– Александр, сейчас вы репетируете Гаева в «Вишневом саде» Кончаловского. Об этой работе уже можно говорить или вы суеверны?
– Я суеверный, когда предложение еще только витает в воздухе, а здесь репетиции идут уже полным ходом, так что… суеверий не боюсь. Это четвертая пьеса Чехова, которую Андрей Сергеевич ставит в нашем театре. Сначала была «Чайка», потом «Дядя Ваня», «Три сестры» и вот теперь – «Вишневый сад». Я играю в последних трех. Так что Гаев – это очередное испытание для меня. Но, как сказал мэтр: «Кроме меня, никто тебе таких заданий больше давать не будет». И это действительно очень интересная, хоть и сложная работа.
– В своих интервью Кончаловский утверждает, что дарование Александра Домогарова может раскрыть далеко не каждый режиссер, а ему это удается. И, глядя на вашего Вершинина из «Трех сестер», в этом убеждаешься. Совершенно неожиданный рисунок роли! А как будет с Гаевым?
– Здесь еще «неожиданнее». На репетициях Андрей Сергеевич любит найти такие реплики в пьесе, мимо которых многие режиссеры прошли бы. Например, в «Трех сестрах» Маша говорит о Вершинине: «Полюбила с его голосом, его словами, несчастьями, двумя девочками…» Мы тогда начали искать в этом ключе (дескать, что же там за голос?) и пришли к общему знаменателю. На репетиции была найдена новая интонация – сформировалась речь персонажа. (Говорит, немного грассируя.) Вырвался немножко Виталий Вульф, немножко Вертинский. Хотя Вертинский был более жестким в своем грассировании. Это скорее ближе к Вульфу, к его манере говорить совершенно на любую тему – вне зависимости от того, знает он ее или нет. (Подражая манере Виталия Вульфа) «Я был свидетель. Выскочила маленькая Мэрилин Монро, за ней вышел высокий господин – это был ее муж». И так далее. Оттолкнулись от этого.
Здесь мне будет в очередной раз очень-очень-очень тяжело. Потому что я сейчас, как ледокол, разбивая льды, иду против течения. Это против моего характера, против природы, против актерской натуры, против того, к чему я привык. С одной стороны, начинаю себя не любить и ненавидеть в это время, потому что не получается.
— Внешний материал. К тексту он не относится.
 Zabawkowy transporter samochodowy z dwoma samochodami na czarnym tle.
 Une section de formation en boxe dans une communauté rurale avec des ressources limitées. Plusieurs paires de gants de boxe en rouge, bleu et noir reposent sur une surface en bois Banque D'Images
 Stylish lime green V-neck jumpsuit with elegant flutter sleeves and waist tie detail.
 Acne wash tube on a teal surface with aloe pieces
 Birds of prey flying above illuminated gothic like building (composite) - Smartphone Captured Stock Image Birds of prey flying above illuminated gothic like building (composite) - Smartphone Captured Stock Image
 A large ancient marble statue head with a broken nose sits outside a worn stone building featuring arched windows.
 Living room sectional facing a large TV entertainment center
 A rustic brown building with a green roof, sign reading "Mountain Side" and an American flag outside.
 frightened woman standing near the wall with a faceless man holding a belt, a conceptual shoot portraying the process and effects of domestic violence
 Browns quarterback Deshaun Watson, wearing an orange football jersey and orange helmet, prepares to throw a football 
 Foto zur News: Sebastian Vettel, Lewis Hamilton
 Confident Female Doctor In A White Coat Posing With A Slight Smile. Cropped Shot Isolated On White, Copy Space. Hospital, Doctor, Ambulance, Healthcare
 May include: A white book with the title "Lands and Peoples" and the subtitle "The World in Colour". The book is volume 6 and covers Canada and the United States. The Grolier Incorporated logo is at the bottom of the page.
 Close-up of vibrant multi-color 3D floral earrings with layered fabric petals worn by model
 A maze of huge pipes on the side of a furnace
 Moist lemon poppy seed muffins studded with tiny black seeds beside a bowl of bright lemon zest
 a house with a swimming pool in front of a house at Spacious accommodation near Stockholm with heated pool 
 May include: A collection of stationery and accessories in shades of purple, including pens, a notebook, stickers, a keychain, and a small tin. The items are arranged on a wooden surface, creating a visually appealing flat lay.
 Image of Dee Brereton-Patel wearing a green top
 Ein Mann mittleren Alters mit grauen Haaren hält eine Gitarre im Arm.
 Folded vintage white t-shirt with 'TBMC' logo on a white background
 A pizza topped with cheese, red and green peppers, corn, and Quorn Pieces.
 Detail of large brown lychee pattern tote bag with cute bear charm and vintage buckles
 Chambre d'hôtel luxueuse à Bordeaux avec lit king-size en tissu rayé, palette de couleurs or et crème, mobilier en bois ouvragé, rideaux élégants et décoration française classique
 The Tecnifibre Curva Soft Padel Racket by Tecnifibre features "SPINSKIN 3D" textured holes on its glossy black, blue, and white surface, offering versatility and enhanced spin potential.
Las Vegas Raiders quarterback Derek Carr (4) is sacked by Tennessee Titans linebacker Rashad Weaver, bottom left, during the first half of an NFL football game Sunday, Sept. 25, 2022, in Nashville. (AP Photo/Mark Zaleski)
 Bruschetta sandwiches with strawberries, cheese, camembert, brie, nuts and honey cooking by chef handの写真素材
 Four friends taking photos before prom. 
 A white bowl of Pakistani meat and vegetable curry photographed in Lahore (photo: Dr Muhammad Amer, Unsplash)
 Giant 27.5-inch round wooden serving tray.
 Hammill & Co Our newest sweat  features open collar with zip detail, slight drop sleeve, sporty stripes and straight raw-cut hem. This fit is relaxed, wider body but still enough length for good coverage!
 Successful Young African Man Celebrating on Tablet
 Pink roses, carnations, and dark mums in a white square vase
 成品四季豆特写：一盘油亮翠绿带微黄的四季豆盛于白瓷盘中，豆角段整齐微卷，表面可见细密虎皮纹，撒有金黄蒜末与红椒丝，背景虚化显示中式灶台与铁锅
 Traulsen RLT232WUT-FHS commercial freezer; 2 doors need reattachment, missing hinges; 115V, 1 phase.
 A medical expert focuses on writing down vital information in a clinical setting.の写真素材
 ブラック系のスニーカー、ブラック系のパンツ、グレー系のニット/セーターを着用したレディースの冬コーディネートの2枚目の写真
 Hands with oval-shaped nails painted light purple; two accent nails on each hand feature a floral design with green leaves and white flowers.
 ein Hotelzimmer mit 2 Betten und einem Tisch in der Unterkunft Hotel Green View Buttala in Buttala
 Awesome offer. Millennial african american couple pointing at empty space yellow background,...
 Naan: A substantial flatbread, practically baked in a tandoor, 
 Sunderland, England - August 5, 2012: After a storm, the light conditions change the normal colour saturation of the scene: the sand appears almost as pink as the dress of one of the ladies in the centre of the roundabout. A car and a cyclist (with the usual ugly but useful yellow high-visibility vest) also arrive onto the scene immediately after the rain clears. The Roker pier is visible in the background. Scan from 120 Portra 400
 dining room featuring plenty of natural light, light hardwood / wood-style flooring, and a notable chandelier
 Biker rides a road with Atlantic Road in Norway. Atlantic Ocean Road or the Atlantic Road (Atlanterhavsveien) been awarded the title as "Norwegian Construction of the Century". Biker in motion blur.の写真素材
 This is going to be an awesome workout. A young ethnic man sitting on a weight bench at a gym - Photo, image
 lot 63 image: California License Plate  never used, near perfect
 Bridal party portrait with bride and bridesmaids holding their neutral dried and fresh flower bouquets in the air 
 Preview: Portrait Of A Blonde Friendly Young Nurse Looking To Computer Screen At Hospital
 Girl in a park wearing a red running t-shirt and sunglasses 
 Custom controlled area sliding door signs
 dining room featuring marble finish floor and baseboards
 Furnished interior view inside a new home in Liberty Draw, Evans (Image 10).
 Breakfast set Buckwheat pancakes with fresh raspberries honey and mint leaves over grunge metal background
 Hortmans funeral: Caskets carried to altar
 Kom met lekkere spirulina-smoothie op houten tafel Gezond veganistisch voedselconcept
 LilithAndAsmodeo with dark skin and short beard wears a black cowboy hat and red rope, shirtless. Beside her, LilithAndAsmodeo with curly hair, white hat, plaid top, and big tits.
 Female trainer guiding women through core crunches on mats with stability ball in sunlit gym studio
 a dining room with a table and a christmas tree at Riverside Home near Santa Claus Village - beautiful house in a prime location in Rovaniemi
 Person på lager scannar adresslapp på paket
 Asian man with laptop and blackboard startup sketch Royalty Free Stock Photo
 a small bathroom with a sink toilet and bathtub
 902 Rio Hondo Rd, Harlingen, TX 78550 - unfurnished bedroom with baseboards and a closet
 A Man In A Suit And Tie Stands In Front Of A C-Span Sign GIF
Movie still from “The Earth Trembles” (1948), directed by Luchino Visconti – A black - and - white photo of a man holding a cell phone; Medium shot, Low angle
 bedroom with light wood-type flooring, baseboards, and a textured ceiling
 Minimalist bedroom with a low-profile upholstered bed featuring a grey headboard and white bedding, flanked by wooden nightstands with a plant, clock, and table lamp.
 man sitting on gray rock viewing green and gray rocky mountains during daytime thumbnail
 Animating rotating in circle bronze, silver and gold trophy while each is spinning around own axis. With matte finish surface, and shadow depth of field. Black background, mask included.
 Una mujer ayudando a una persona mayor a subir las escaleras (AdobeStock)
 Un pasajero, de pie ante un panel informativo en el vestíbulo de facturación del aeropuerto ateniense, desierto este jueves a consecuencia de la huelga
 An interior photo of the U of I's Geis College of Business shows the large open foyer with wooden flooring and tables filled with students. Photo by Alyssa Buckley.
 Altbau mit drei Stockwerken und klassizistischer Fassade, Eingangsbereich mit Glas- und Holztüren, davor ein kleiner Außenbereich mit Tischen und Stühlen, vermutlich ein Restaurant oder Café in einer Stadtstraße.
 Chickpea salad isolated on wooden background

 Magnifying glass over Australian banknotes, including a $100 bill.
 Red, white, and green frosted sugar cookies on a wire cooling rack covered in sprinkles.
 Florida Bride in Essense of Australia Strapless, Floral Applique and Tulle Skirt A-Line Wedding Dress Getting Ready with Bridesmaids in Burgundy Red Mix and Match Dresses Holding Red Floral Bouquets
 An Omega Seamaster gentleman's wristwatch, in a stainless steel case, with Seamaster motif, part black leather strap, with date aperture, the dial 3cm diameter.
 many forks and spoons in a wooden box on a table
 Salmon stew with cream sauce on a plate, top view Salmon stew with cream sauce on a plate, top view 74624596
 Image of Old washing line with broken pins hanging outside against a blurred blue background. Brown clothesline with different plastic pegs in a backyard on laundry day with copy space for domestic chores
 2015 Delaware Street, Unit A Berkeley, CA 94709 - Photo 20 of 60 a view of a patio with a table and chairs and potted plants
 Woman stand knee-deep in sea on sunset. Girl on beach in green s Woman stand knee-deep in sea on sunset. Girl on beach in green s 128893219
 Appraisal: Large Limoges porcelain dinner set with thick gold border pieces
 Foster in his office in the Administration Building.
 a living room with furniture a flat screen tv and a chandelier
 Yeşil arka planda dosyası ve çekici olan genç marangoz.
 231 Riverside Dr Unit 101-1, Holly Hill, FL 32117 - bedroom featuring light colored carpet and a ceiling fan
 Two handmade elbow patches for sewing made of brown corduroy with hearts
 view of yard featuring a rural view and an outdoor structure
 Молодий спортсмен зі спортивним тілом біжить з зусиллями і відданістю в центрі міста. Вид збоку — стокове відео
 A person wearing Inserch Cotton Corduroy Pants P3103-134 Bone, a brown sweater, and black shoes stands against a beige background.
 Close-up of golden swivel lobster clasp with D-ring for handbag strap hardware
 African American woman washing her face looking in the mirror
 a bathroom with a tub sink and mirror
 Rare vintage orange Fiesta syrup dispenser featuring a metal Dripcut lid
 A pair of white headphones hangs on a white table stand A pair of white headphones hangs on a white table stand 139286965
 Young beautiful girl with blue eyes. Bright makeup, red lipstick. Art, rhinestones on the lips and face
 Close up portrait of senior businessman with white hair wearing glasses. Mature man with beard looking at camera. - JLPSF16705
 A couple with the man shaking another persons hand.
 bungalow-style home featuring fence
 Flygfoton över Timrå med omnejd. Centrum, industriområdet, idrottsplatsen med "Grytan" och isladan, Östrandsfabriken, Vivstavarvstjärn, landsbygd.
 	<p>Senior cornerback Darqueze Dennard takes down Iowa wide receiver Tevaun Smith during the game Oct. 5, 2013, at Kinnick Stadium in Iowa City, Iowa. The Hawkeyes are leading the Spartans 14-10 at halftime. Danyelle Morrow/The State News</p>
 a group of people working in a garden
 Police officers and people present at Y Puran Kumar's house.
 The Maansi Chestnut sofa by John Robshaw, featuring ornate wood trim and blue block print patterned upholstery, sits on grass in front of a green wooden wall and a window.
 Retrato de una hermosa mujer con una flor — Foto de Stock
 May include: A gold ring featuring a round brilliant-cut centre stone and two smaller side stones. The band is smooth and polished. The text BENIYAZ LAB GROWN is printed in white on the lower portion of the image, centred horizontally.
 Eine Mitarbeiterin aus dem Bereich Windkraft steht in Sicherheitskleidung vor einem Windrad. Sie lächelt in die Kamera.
А с другой стороны, это, наверное, для артиста необходимо – вернуться на второй курс института, почувствовать себя студентом. И это только плюс к профессии. Потому что за 30 лет в театре сыграно уже море ролей, а здесь вдруг понимаешь: ты, как «белый лист». Безусловно, наработки есть, но когда тебя вынуждают идти против своей натуры... Хотя Вершинин, который тоже поначалу был мукой, за два года, пока мы играем спектакль, стал мне уже удобен. Кончаловский, образно говоря, мне тогда руки выворачивал. Хотя он это отрицает и говорит, что своего Вершинина я придумал сам.
Сейчас история повторяется. И я просто упал на колени, говорю: «Секи голову, я больше не могу».
– Может, вы недовольны собою, в то время как режиссеру все нравится в вашей трактовке образа? Вам присуще самобичевание?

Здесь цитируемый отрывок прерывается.